I spent most of my days in Cincinnati trying to keep my daughter entertained.  Our hotel had a pool, so my husband took her swimming every day, and sometimes I joined them.  Sometimes I stayed behind in the hotel room and watched "Gossip Girl" on my phone until I forgot where I was.  We walked around the local malls and went to lots of restaurants while I fielded logistical calls from Dante.  He asked if I thought Dad had a will and where did I think it might be.  I told him I was 95% sure neither of our parents had ever had wills.  It would have required them to do something.  Since they had more debt than assets, I had always planned to walk away from everything and let it be sold for parts, or whatever happens when you die owing people money.  I think that was Dad’s plan for me too.  I'm not sure what Dante's plan had been since his life had remained tied up with Dad's.  

Dante was freaking out a little bit.  A friend had told him the house would be taken within twelve days of the death of the person on the mortgage since there was no will leaving it to anyone.  The bank would put a lock on the door and he would be homeless.  I told him Mom was still on the mortgage even though she wasn’t on the deed anymore, so maybe they would go after her for the money instead.  I couldn’t find a copy of the deed without Mom on it, but I knew details from the divorce.  I wondered quietly to myself if Mom might try to retake the house. 

Dante asked if I thought he should stop paying the mortgage and the bills.  I told him that’s what I would do.  I told him the bank likely wouldn’t move to foreclose until he’d missed at a least a few months of payments, so I would stop payment on everything but utilities, stay put until the bank at least started sending threatening letters, and save whatever money he could for a new apartment.  He said he’d been cancelling our dad’s magazine subscriptions.  He had so many.   I warned Dante that the VA might not stop Dad's monthly checks right away and that, if they paid him something after his death, they would realize their mistake and demand it back in a few months.  It was the same thing that had happened every time he moved back into the hospital or the nursing home -- his check got reduced retroactively, and he was expected to pay them back thousands of dollars.  If this happened for three or four months like it did before, they would be expecting tens of thousands of dollars back.  I warned Dante not to spend the money from Dad's checking account in case this happened.  He replied, "Well, they better not do that then."

Cincinnati was a long trip.  It was the first time I'd been to my hometown in six years.  I spent as much time with my best friend and her family as possible.  My birthday happened while we were there, so my best friend and her mother and sister and boyfriend all joined us for lunch the day before the memorial service.  It was nice.  There were even presents.  If you have to deal with a parent's death, make sure to do it in the town where your best friend lives.  It makes everything so much better.
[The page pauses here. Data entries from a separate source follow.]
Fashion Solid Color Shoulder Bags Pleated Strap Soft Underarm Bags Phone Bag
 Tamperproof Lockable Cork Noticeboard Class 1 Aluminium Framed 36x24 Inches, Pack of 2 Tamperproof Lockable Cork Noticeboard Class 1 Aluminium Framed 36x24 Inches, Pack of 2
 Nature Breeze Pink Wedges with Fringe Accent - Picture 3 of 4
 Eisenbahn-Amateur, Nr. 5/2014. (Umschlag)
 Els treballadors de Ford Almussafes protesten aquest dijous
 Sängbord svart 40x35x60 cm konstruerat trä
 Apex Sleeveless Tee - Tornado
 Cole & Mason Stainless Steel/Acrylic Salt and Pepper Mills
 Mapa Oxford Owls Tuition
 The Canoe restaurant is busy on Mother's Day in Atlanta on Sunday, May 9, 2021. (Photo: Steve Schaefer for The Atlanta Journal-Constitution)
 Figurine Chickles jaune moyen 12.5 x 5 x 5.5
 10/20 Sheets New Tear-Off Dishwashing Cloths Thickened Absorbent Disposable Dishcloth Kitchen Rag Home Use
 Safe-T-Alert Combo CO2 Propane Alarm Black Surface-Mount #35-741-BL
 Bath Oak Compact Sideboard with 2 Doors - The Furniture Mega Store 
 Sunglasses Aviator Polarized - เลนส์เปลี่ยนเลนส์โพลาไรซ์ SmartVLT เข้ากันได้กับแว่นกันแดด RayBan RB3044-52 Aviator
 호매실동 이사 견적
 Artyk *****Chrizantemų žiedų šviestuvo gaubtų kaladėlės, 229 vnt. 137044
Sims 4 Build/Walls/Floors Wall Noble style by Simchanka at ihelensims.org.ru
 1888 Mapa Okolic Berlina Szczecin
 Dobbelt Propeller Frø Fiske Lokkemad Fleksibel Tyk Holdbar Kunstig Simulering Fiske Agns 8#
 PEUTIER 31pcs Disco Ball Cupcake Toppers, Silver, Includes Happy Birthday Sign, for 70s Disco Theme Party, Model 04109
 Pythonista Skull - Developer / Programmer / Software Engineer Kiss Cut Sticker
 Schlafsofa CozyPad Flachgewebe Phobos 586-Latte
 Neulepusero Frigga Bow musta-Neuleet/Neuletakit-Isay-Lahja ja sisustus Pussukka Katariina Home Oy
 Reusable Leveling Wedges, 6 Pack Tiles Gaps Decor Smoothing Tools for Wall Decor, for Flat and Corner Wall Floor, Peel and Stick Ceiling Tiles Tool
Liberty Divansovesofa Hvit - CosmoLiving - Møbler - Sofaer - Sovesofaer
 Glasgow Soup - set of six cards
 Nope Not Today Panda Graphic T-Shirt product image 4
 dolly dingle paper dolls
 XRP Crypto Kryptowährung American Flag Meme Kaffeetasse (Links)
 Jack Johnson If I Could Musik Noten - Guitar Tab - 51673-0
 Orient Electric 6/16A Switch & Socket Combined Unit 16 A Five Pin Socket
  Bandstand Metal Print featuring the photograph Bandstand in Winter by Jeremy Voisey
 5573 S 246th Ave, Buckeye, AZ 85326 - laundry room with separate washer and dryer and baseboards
The morning of the memorial service, my daughter was supposed to stay with my best friend's mom and sister while my best friend, my husband, and I went to the service.  Then we'd all go out for lunch.  But my daughter started running a fever the night before and wasn't better by that morning.  I asked my husband to stay with her in the hotel room while my best friend and her family and I went to the service together.  We made up half the attendees.  My brother arrived shortly after me, and that's when the man who runs the crematorium welcomed us, showed us around, and said our dad's body should be arriving in two more days.